RECORDS SHOWN below:

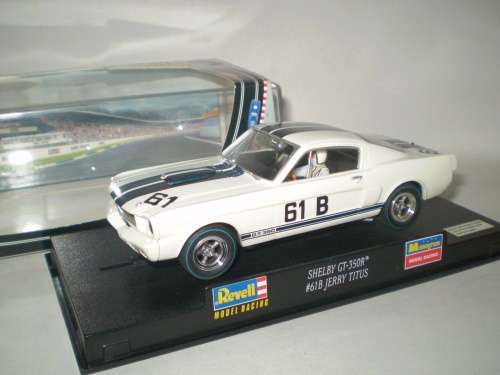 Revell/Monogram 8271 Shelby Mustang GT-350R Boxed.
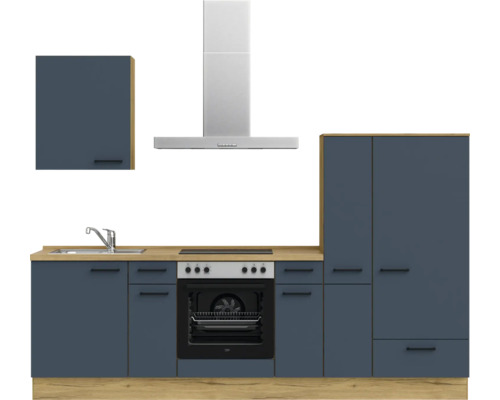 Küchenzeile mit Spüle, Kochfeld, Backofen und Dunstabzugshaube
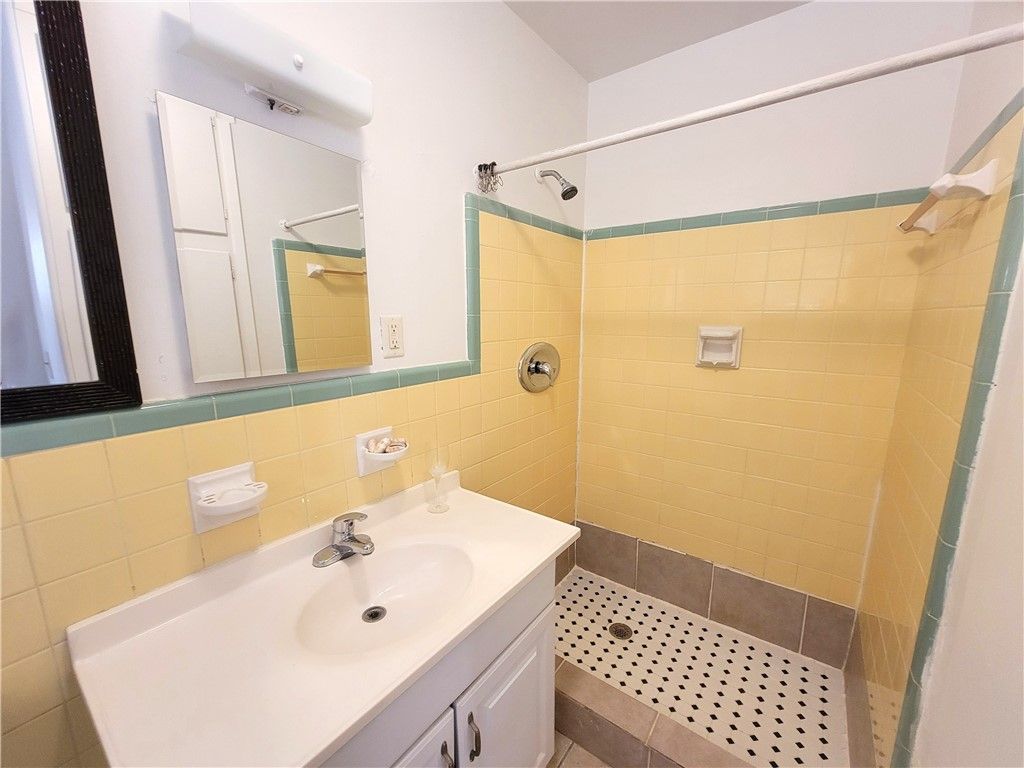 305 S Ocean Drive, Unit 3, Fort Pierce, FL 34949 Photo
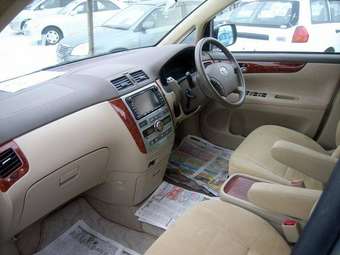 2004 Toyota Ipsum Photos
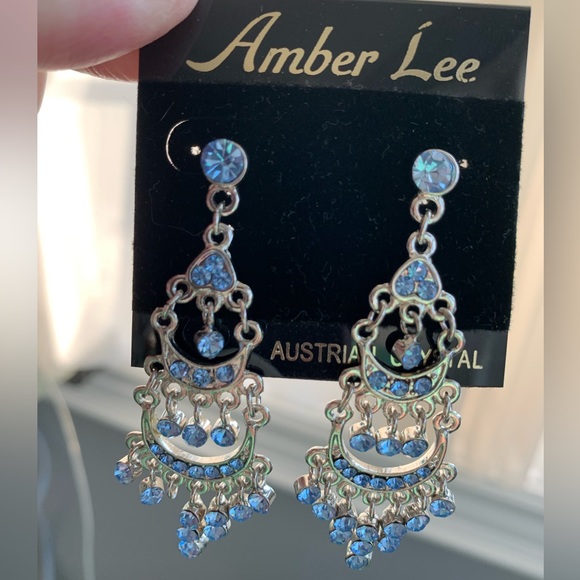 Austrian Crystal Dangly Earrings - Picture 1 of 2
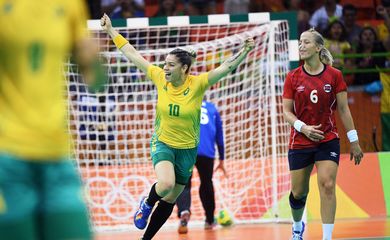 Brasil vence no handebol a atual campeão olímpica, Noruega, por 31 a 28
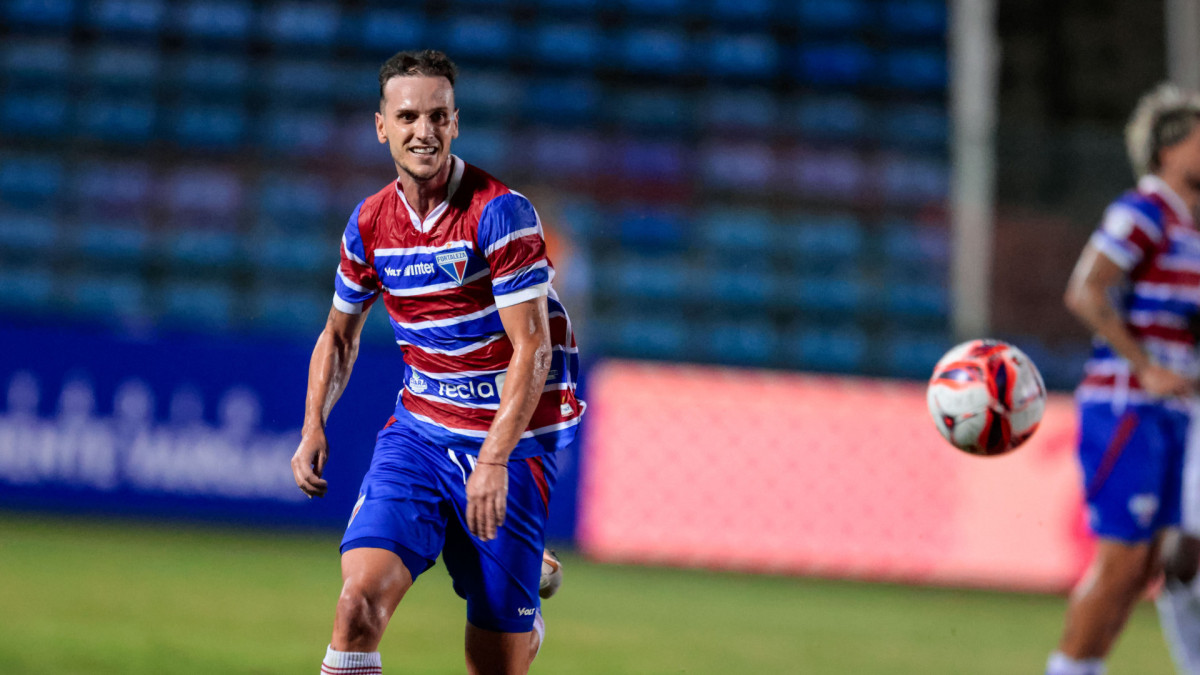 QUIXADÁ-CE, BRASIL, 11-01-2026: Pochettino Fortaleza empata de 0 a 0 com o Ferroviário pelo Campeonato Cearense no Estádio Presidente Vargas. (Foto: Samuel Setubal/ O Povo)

End of RECORDS SHOWN.
RECORDS SHOWN below:

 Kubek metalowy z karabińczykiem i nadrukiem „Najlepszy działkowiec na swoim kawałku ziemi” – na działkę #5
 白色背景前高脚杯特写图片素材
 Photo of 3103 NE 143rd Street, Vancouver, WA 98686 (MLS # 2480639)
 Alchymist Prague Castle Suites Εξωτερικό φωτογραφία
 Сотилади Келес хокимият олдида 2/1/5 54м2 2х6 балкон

End of RECORDS SHOWN.

As listed above, the lines from the line with "Kubek metalowy z" to the line with "Сотилади Келес хокимият" are to be echoed exactly, with both ends included and nothing added.

### PROBLEM SOLUTION
 Kubek metalowy z karabińczykiem i nadrukiem „Najlepszy działkowiec na swoim kawałku ziemi” – na działkę #5
 白色背景前高脚杯特写图片素材
 Photo of 3103 NE 143rd Street, Vancouver, WA 98686 (MLS # 2480639)
 Alchymist Prague Castle Suites Εξωτερικό φωτογραφία
 Сотилади Келес хокимият олдида 2/1/5 54м2 2х6 балкон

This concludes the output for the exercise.